(EXERCISE DETAILS)
An exact copy of all the data below is needed, without its pictures.

(SOURCE DATA)

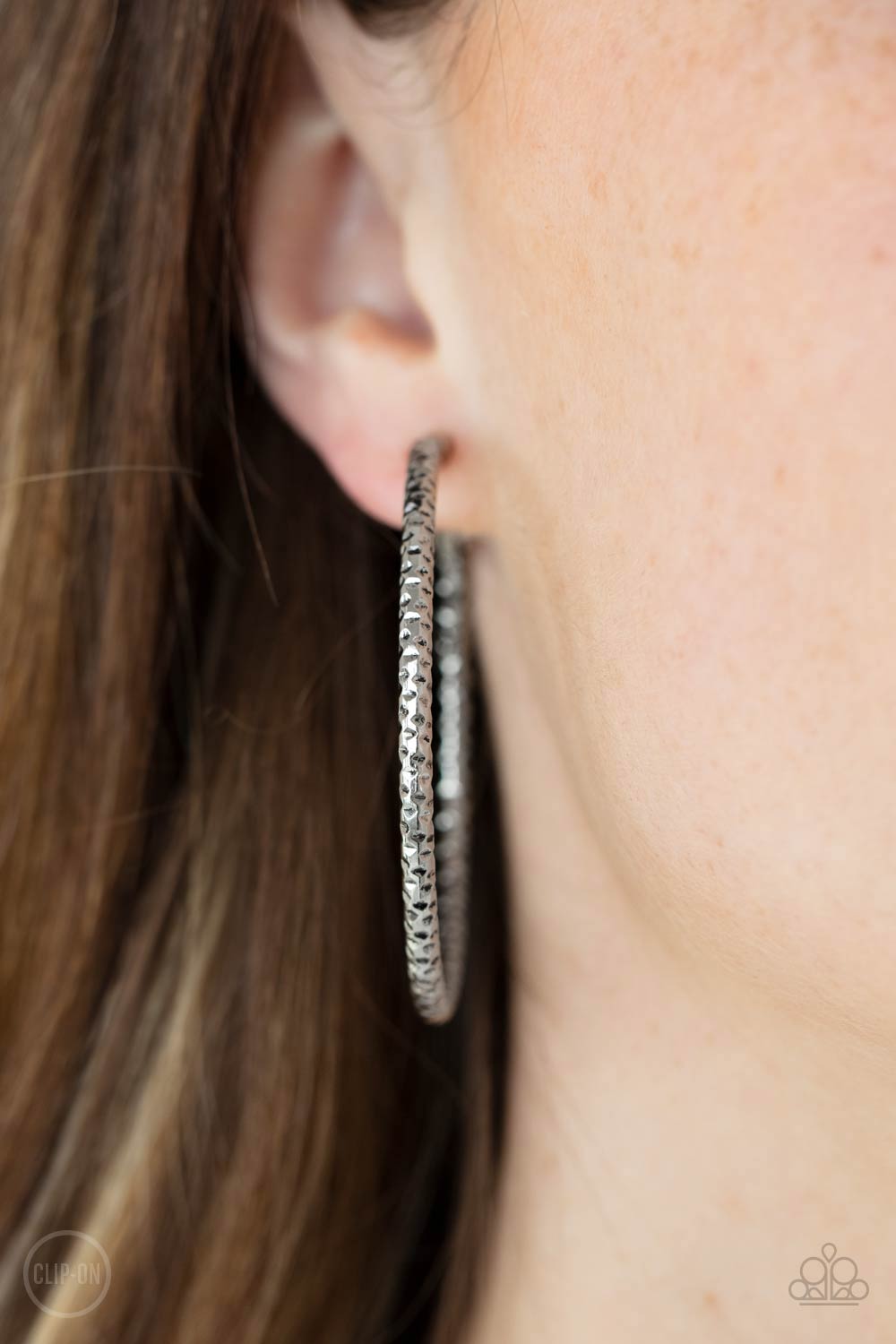 Subtly Sassy Silver Paparazzi Clip-On Earrings Cashmere Pink Jewels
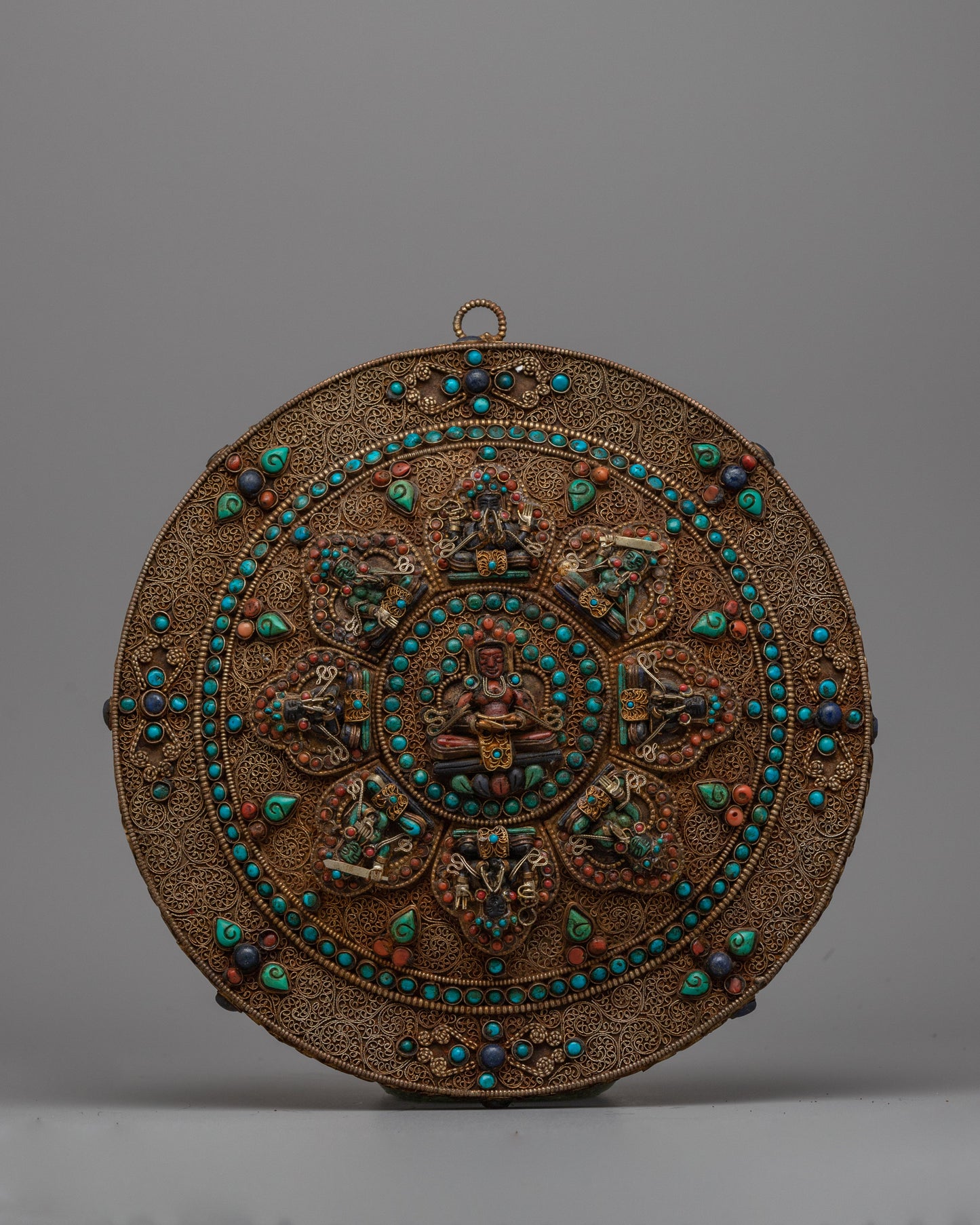 Round Deity Copper Wall Hanging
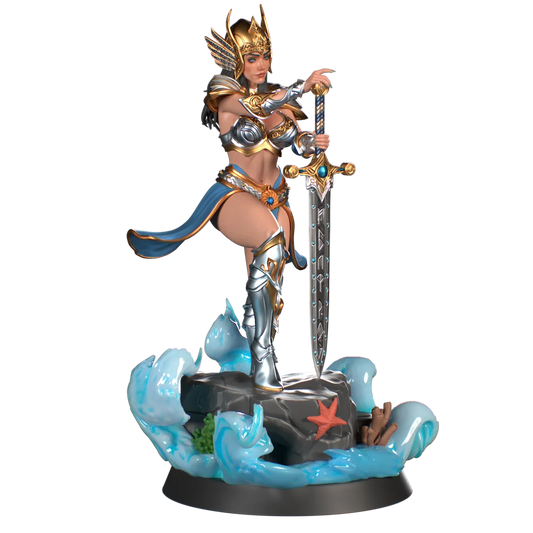 HoldMyMiniatures - Freydis the Valkryie #1 - 75mm Pin Up/Figure/Model/Diorama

(WRITTEN REPLY)
 Subtly Sassy Silver Paparazzi Clip-On Earrings Cashmere Pink Jewels
 Round Deity Copper Wall Hanging
 HoldMyMiniatures - Freydis the Valkryie #1 - 75mm Pin Up/Figure/Model/Diorama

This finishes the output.